Project 1. Design and implement an optimizing compiler (static scheduling). Accept a text file with a subset of MIPS assembly instructions as an input. Schedule the code to minimize the stalls due to data hazards, while preserving data dependencies. You may limit your compiler to process integer instructions only, and make your own realistic assumptions on the latency of each instruction. Output produced should be the optimized code, printed out on the screen, together with the new execution time in clock cycles.

Project 2. Design and implement a loop unrolling compiler. Accept a text file with a subset of MIPS assembly instructions as an input (including Branch instruction).
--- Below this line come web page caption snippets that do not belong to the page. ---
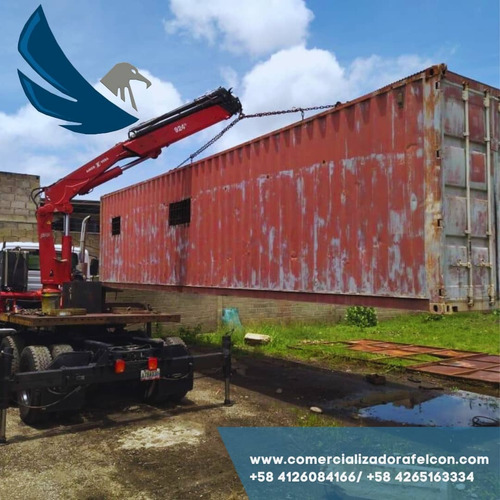Servicio De Grúas Con Brazos Articulado Pitman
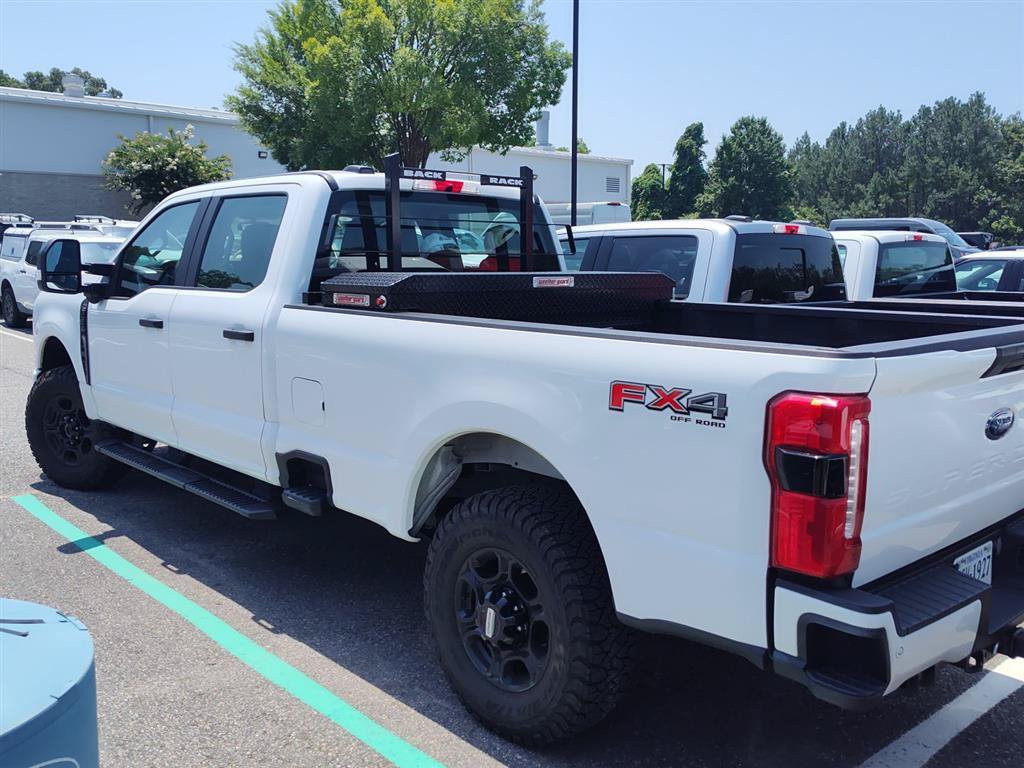 Certified 2024 Ford F250 XL w/ STX Appearance Package AWD/4WD image 3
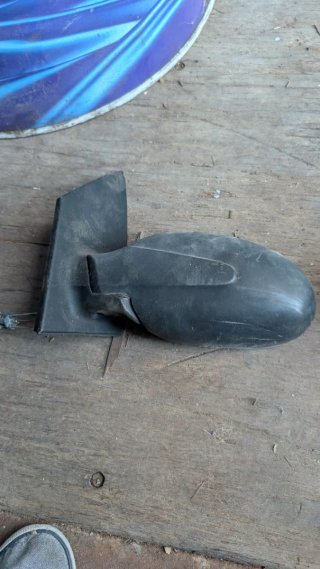 Espejo Retrovisor Smart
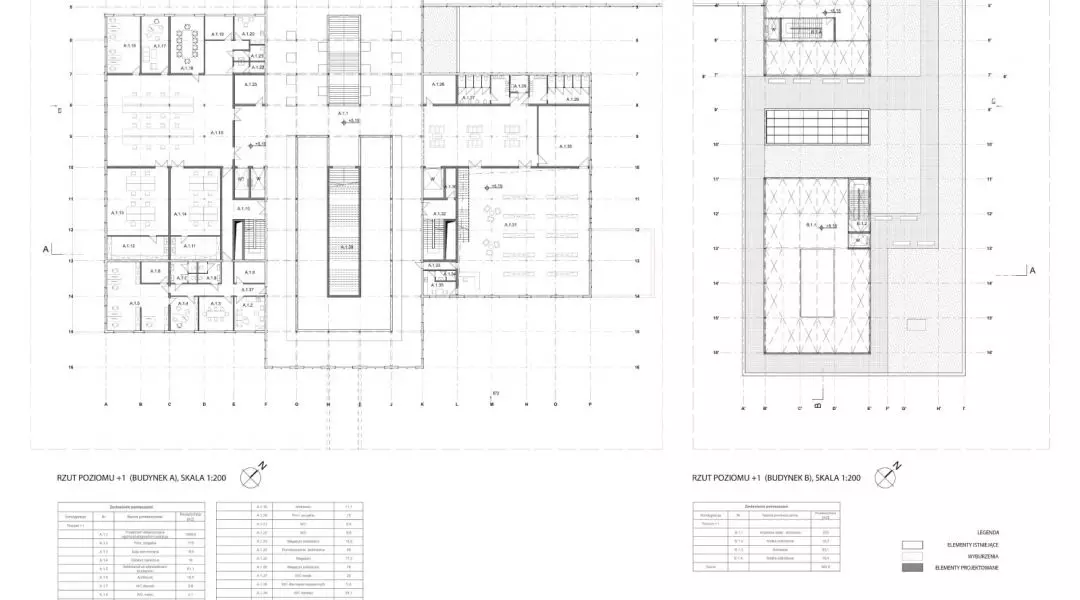 Wyróżnienie (ex aequo) w kategoriach: Architektura i Urbanistyka, Nagroda Specjalna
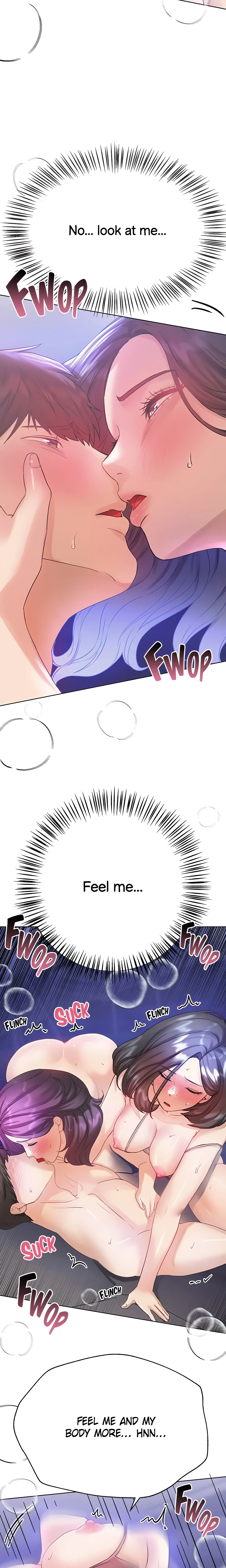 Chapter 76 - Spread your legs if you want to be fucked (Special Ep. 6), page 17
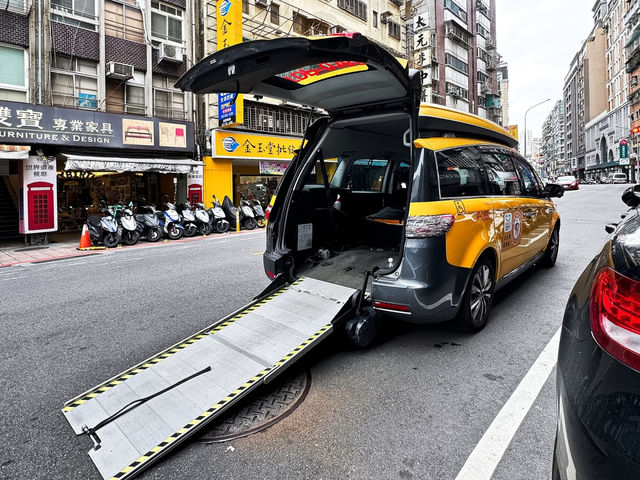 續談「1%的力量」：解鎖高齡社會移動權的通用計程車政策
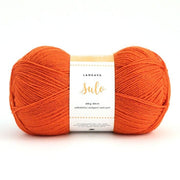 466 - Saffron Sulo Sock Yarn - Lankava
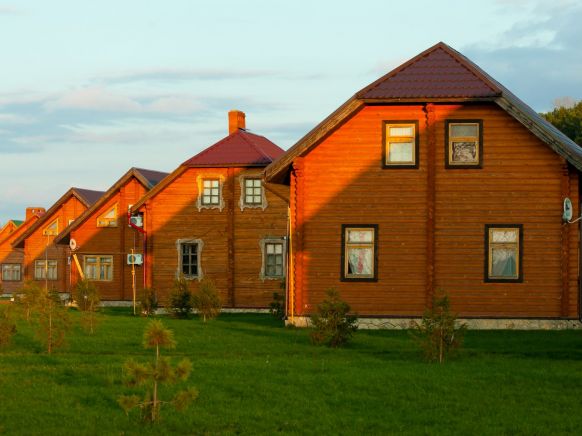 Загородный клуб Свияга, Зеленодольск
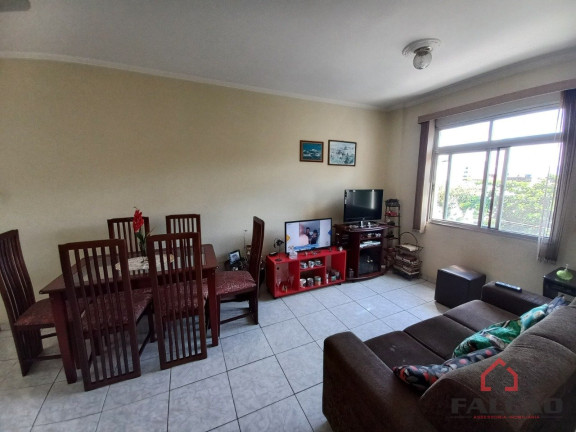 Imagem Apartamento com 1 Quarto à Venda, 56 m² em Centro - São Vicente Imagem Apartamento com 1 Quarto à Venda, 56 m² em Centro - São Vicente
If a value of the loop variable is known (e.g., N), unroll the loop N times, renaming registers as required. Make sure you do not use any more registers than available (32 the in integer case). Make your own realistic assumptions on the latency of each instruction.

Project 3. Implement a step-through MIPS assembly debugger. Given a text file with a subset of the MIPS assembly instructions, display in a graphical interface the contents of all registers, current activity (including stalling), remaining clocks based on current instruction's latency and instruction queue at each clock cycle of execution, as the user steps through the code execution in single clock cycle increments. You may limit your compiler to process integer instructions only, and make your own realistic assumptions on the latency of each instruction.

Project 4. Implement a MIPS integer pipeline visualizer. Given a text file with a subset of the MIPS assembly instructions, generate a pipeline trace of program execution, showing each pipeline stage (IF, ID, EX, ME - abbreviated MEM, WB, or stall - S_) as a delimited output (e.g., use '|' character to separate stages). Show stalls arising from data dependencies. You may make certain assumptions (e.g., on instruction latency, subset of instructions used, etc). For instance, initially exclude branches, but if time allows, you may add the branch component later. If EX stage takes more than one clock cycle per your assumptions for a particular instruction type, you should show it as multiple EX stages within the pipeline.